House
- Industry: Clothing retail
- Founded: 2001
- Founder: Artman company
- Headquarters: Kraków, Poland
- Number of locations: 371 (2024)
- Area served: Europe
- Products: Clothing
- Owner: LPP
- Website: housebrand.com

= House (brand) =

Polish clothing company

House is a clothing brand and retailer chain, owned by LPP. Its headquarters are located in Kraków, Poland.
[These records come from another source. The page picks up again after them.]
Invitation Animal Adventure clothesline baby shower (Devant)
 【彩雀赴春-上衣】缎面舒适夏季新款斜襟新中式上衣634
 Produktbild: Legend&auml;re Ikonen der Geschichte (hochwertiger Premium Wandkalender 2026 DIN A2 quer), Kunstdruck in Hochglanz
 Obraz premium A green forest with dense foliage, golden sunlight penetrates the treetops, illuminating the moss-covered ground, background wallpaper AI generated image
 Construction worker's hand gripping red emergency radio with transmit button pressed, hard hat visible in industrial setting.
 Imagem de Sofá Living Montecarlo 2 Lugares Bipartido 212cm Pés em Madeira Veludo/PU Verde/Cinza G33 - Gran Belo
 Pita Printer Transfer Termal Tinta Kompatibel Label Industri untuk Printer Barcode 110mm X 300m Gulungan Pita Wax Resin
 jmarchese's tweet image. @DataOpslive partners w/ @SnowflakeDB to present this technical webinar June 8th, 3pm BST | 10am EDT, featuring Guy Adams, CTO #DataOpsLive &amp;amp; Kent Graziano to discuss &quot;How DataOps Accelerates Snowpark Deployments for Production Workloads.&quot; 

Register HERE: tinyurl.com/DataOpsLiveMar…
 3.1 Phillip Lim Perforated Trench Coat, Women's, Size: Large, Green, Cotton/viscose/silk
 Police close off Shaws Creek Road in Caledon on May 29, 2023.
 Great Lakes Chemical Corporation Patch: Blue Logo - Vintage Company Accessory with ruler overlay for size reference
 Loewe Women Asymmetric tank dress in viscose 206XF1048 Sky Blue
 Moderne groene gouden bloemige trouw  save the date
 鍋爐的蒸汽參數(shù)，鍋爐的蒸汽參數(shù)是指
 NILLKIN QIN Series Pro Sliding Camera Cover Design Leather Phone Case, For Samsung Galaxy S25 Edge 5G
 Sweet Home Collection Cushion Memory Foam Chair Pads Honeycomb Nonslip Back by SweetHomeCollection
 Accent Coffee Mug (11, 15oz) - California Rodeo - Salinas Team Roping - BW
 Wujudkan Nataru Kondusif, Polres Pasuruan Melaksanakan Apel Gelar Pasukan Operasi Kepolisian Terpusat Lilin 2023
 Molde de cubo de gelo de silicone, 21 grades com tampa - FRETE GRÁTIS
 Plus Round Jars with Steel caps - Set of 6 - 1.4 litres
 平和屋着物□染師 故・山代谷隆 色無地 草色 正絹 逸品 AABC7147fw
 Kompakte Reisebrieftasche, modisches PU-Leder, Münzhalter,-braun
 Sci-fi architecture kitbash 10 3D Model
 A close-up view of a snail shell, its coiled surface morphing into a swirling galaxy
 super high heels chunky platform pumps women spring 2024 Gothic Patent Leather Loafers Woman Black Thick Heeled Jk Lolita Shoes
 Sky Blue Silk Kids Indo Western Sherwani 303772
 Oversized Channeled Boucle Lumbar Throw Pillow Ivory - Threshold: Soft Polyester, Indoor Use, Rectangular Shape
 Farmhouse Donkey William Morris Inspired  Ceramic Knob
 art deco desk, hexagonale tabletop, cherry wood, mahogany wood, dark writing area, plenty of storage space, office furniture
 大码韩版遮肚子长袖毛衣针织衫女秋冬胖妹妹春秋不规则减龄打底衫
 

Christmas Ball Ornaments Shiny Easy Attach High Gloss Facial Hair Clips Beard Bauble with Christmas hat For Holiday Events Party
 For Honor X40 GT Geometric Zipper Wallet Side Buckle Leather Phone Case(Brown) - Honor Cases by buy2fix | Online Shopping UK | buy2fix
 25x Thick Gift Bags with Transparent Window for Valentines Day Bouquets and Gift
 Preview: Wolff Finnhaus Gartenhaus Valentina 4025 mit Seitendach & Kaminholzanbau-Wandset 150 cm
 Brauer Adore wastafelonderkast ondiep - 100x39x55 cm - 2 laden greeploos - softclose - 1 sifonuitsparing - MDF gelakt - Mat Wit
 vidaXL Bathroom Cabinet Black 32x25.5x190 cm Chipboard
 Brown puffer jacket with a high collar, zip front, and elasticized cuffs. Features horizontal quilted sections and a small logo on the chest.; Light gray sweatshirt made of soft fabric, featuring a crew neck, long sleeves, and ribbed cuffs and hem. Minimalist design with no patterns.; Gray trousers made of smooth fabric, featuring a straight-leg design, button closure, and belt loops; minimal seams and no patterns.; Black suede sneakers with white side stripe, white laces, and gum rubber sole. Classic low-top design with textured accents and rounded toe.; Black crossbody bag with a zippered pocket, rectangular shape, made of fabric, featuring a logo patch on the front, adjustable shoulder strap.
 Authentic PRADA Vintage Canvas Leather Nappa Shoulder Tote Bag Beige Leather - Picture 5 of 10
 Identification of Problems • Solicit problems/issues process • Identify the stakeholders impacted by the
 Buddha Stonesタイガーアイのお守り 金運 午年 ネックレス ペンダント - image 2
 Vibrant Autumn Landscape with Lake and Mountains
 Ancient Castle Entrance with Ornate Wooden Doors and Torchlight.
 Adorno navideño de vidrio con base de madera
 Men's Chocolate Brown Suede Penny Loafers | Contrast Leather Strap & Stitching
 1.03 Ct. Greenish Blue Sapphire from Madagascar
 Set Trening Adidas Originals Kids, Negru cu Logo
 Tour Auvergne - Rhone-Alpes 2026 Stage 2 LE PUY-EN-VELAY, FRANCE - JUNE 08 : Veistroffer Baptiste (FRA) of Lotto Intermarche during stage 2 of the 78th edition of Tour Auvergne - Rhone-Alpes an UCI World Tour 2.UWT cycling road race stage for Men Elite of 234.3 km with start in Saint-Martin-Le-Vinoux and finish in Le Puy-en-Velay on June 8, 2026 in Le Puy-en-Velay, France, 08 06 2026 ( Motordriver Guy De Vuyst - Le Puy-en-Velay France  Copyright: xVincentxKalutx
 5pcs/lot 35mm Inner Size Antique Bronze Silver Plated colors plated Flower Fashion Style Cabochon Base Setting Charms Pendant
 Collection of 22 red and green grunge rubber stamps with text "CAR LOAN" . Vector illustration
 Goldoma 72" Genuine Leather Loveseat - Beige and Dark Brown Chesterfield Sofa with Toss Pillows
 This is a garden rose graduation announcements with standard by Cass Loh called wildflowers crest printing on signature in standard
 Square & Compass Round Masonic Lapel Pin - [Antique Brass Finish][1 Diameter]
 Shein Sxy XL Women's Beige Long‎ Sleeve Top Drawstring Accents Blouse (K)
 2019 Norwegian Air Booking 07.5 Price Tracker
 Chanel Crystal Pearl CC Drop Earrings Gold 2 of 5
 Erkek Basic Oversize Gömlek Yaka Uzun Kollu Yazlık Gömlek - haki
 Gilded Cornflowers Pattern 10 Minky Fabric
In 2024, the company owned over 370 stores, including stores in Poland and other countries across Europe. Additionally, it operated online retail in 22 countries. It was established in 2001 by Artman, and bought by LPP in 2009.

== Stores ==
In 2024, company owned 371 stores, including stores in Poland, and in other countries across Europe including Bosnia and Herzegovina, Bulgaria, Croatia, Czech Republic, Estonia, Finland, Hungary, Kazakhstan, Latvia, Lithuania, Poland, Romania, Russia, Serbia, North Macedonia, Slovakia, Slovenia, and Ukraine.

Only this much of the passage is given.